WASHINGTON DC – In less than a decade, the decarbonization efforts enshrined in the Inflation Reduction Act (IRA) of 2022 will bring annual investments into domestic renewable energy deployment from $64 billion last year to nearly $114 billion in less than a decade, according to a new Wood Mackenzie report.
This will be the case by 2031, according to “Boom time: what the Inflation Reduction Act (Act) means for U.S. renewables manufacturers.” Wood Mackenzie, an energy research and consultancy group under Verisk, set out to assess how the IRA legislation could impact the country and the renewables industry and ultimately found that impact would mean something more like changing the whole field.
“The IRA will completely reshape the renewables supply chain in the U.S., incentivizing the reopening of shuttered facilities as well as provide opportunities to build entire equipment supply chains from scratch,” Daniel Liu, principal analyst at Wood Mackenzie and lead author of the report, said.

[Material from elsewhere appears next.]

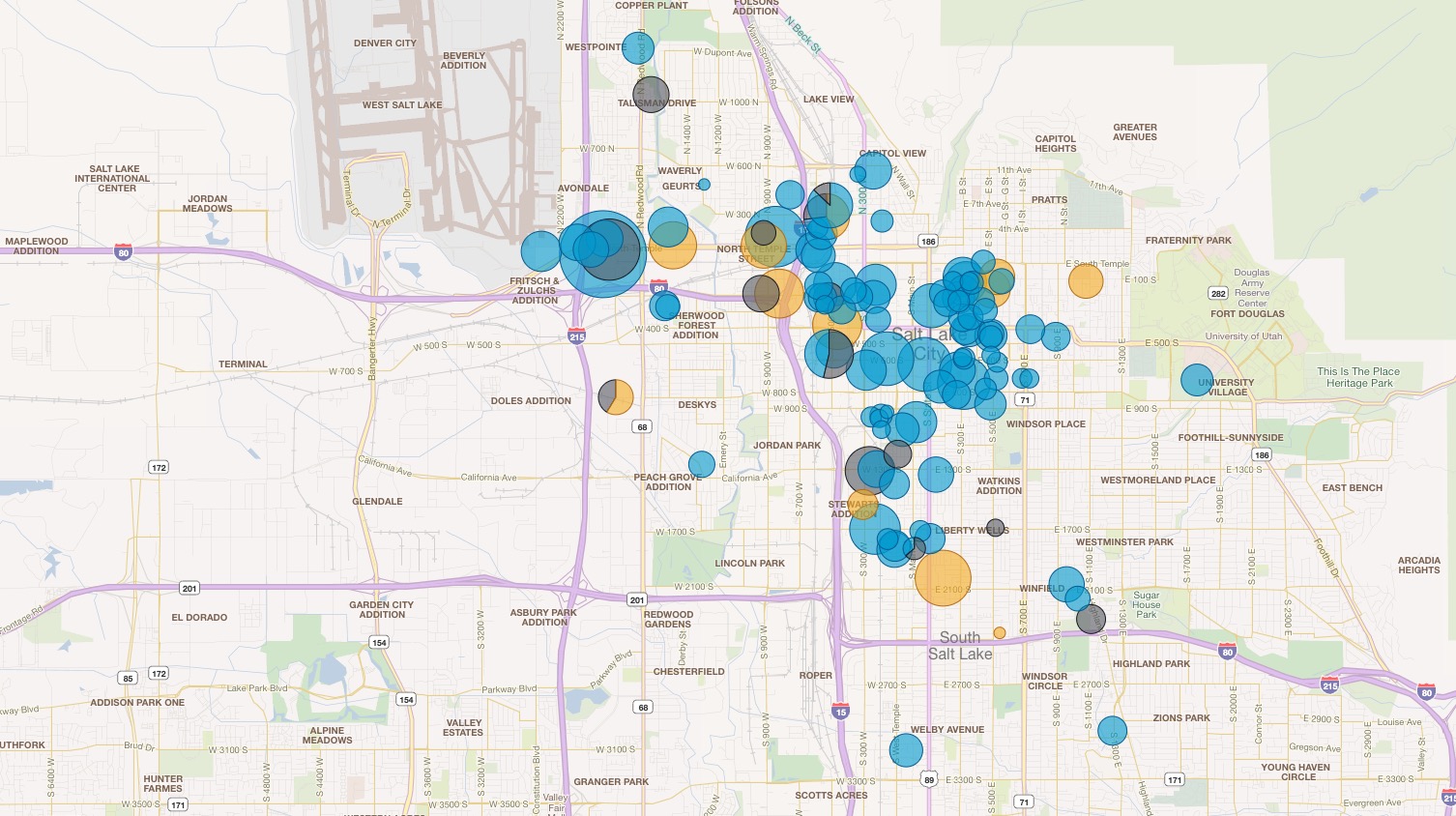 This map shows the location of existing or future affordable housing units in Salt Lake City that received city assistance since 1979. Blue dots represent current project, while orange and gray dots are locations either under construction or funded to be built by 2030.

The IRA, one of the Biden administration’s key legislative focuses early on, will influence the scale of growth in different ways, such as through major expansion of U.S. renewables equipment manufacturing capacity. Some of the largest spikes to come will be in solar utility installed capacity. However, the capacities of solar distributed, both offshore and onshore wind and storage deployments, will continue to tick upward as well.